── Supplied information ──
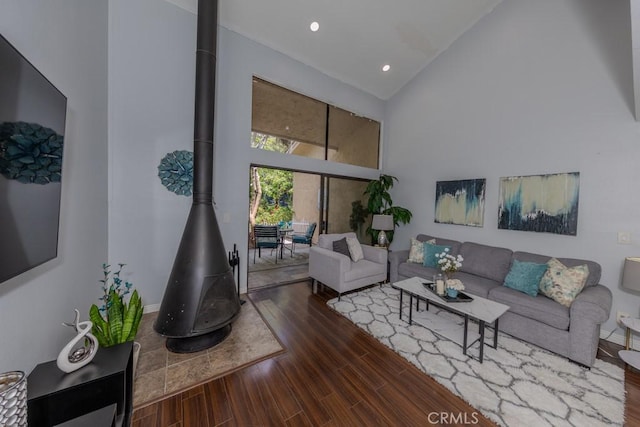 living room with a wood stove, high vaulted ceiling, wood finished floors, recessed lighting, and baseboards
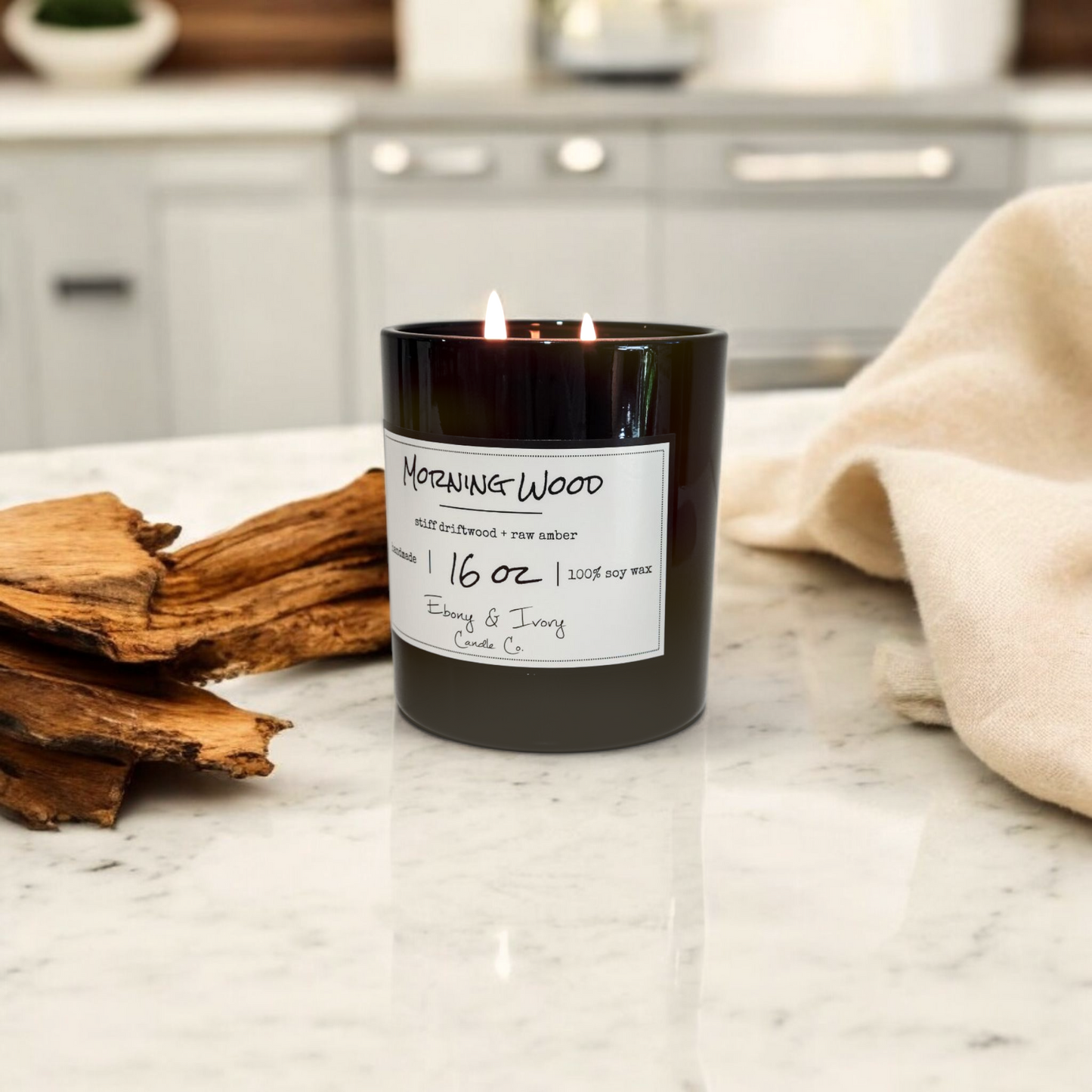 Candle labeled 'Morning Wood' on a marble countertop with drift wood and a towel.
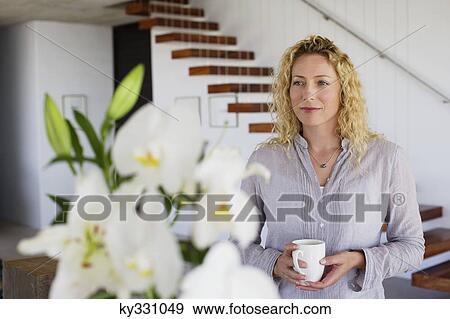 Beautiful mid adult woman holding coffee cup and looking at flowers View Large Photo Image Stock Photo - Beautiful mid adult woman holding coffee cup and looking at flowers. Fotosearch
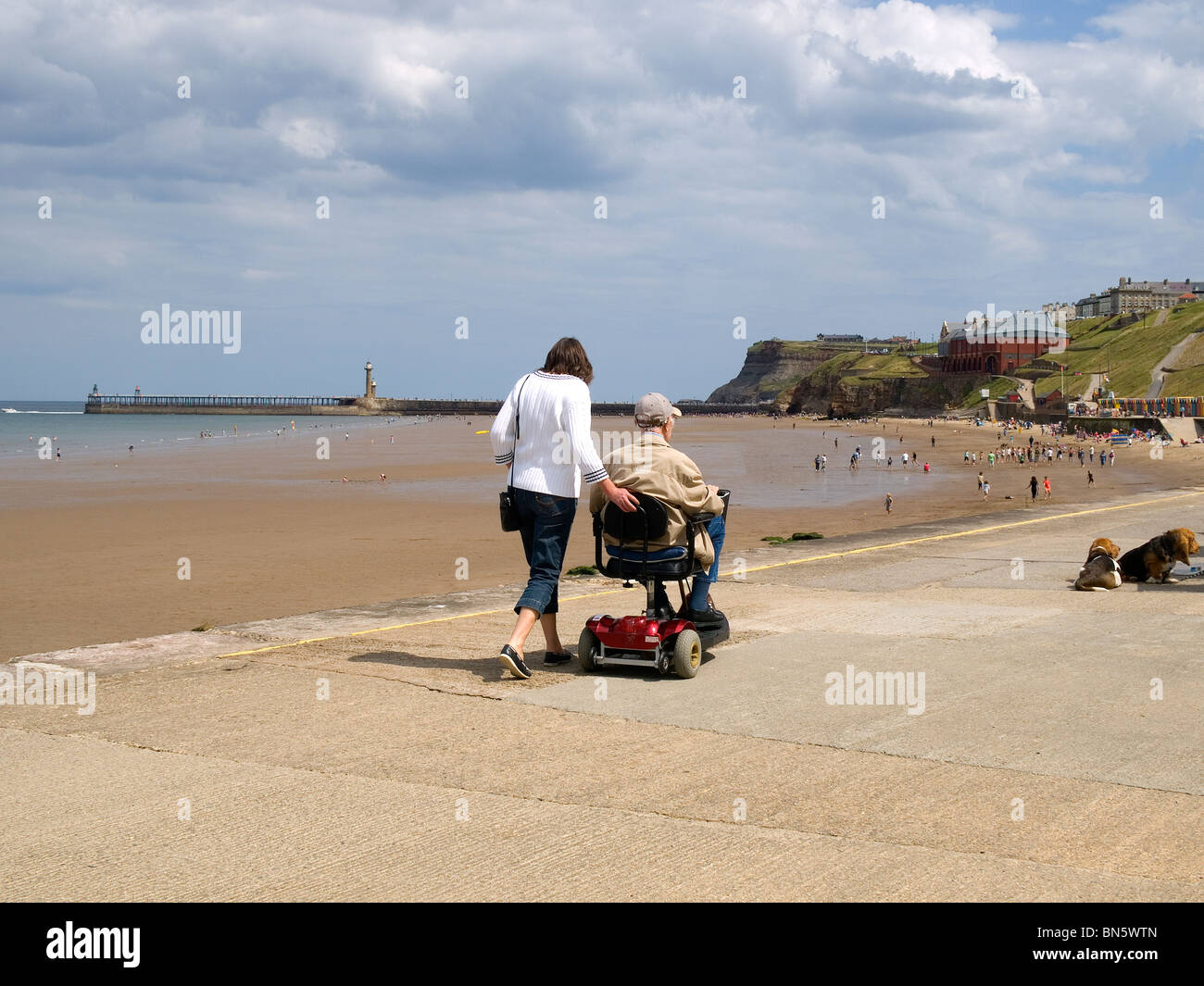 A young woman walks beside a very elderly man on a mobility scooter at Whitby North Yorkshire Stock Photo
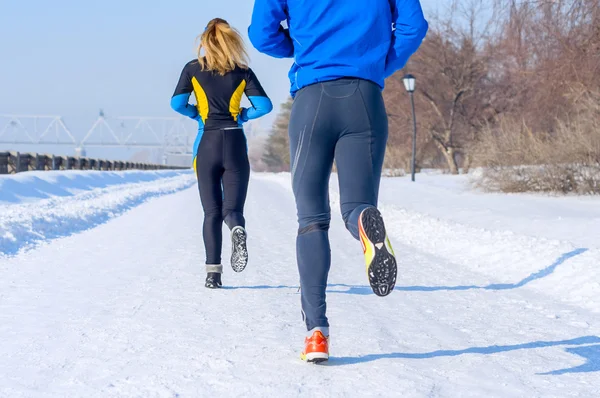 Corridori. Gambe, vista posteriore. Giovani coppie in corsa. Sport uomo & donna jogging sul parco invernale Foto Stock Royalty Free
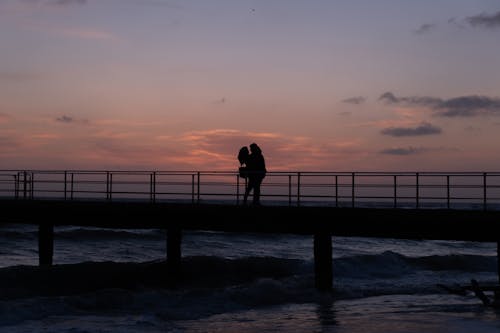 Silhouette of couple against sundown · Free Stock Photo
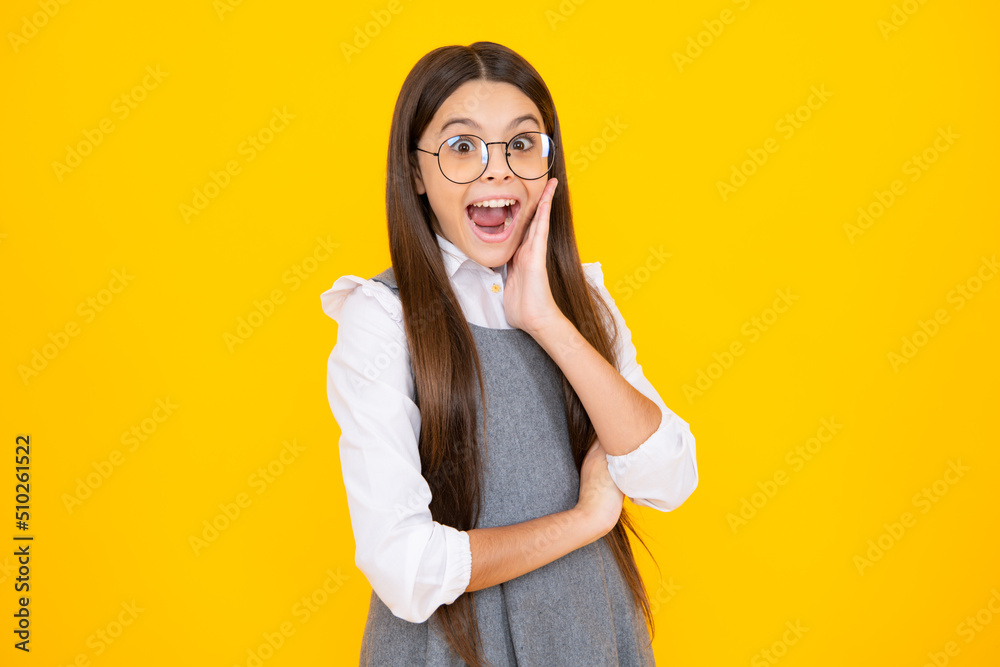 Shocked teenager child with amazed look on yellow background, amazement. Excited face. Amazed expression, cheerful and glad.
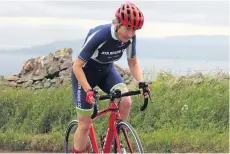  ??  ?? On her bike Aileen Fisher battles the wind on the Isle of Cumbrae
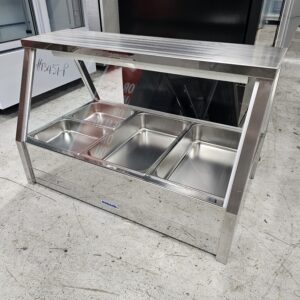 A stainless steel food display case with a glass front and three empty metal food trays, standing on a concrete floor in a commercial setting. MRCE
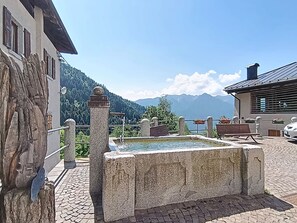 A stone fountain, a bench, and a view of a lake with mountains in the background. - Apartment Festér by Interhome (Ragoli)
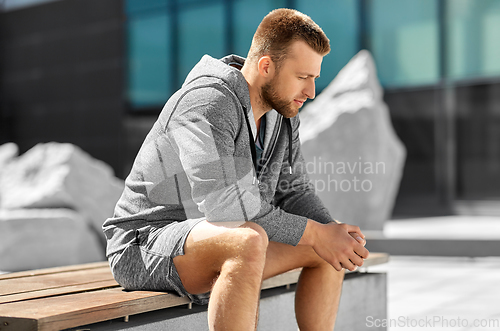 Image of young man sitting on bench outdoors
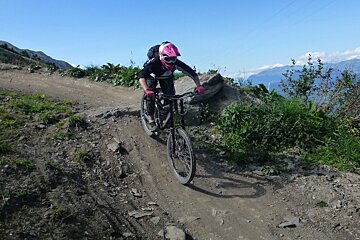 a mountain biker going over a rock drop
───
Assignment -
Leave out the images and copy all remaining data word for word.

Exercise solution -
 living room with a wood stove, high vaulted ceiling, wood finished floors, recessed lighting, and baseboards
 Candle labeled 'Morning Wood' on a marble countertop with drift wood and a towel.
 Beautiful mid adult woman holding coffee cup and looking at flowers View Large Photo Image Stock Photo - Beautiful mid adult woman holding coffee cup and looking at flowers. Fotosearch
 A young woman walks beside a very elderly man on a mobility scooter at Whitby North Yorkshire Stock Photo
 Corridori. Gambe, vista posteriore. Giovani coppie in corsa. Sport uomo & donna jogging sul parco invernale Foto Stock Royalty Free
 Silhouette of couple against sundown · Free Stock Photo
 Shocked teenager child with amazed look on yellow background, amazement. Excited face. Amazed expression, cheerful and glad.
  ??  ?? On her bike Aileen Fisher battles the wind on the Isle of Cumbrae
 A stainless steel food display case with a glass front and three empty metal food trays, standing on a concrete floor in a commercial setting. MRCE
 A stone fountain, a bench, and a view of a lake with mountains in the background. - Apartment Festér by Interhome (Ragoli)
 Image of young man sitting on bench outdoors
 a mountain biker going over a rock drop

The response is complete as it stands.